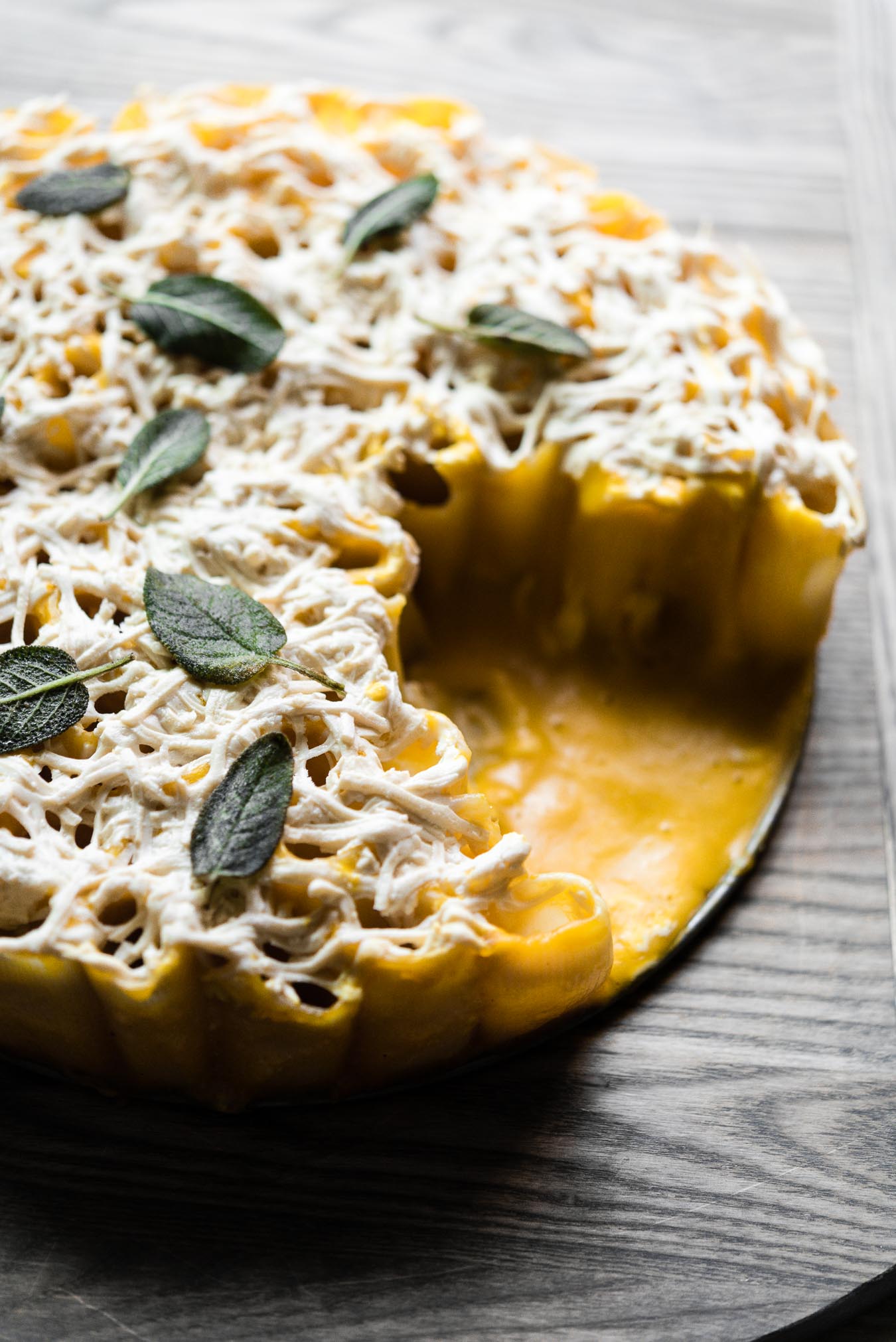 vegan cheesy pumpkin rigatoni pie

_ _ _ _ _

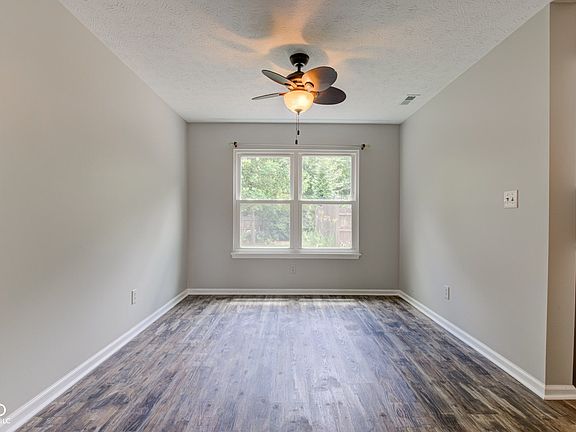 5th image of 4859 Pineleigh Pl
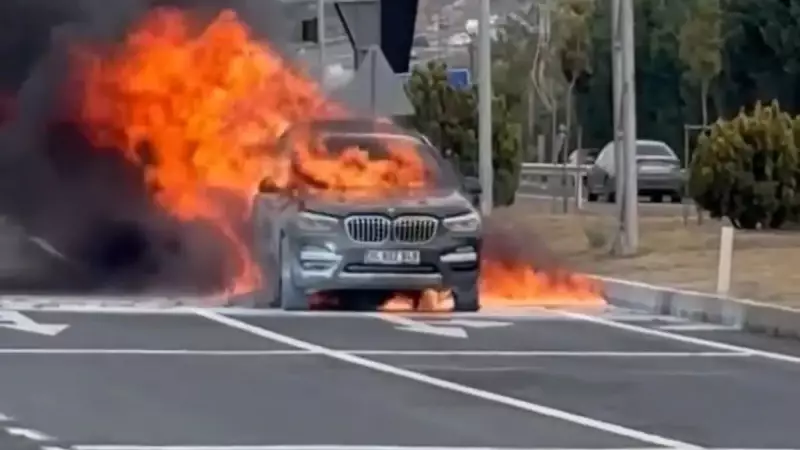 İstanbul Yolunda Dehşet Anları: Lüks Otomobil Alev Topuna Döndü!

_ _ _ _ _

TO DO:
Above are the records; copy from them only the lines starting at the one containing "5th image of 4859 Pineleigh Pl" and ending at the one containing "İstanbul Yolunda Dehşet", exactly and without pictures.

YOUR SOLUTION:
 5th image of 4859 Pineleigh Pl
 İstanbul Yolunda Dehşet Anları: Lüks Otomobil Alev Topuna Döndü!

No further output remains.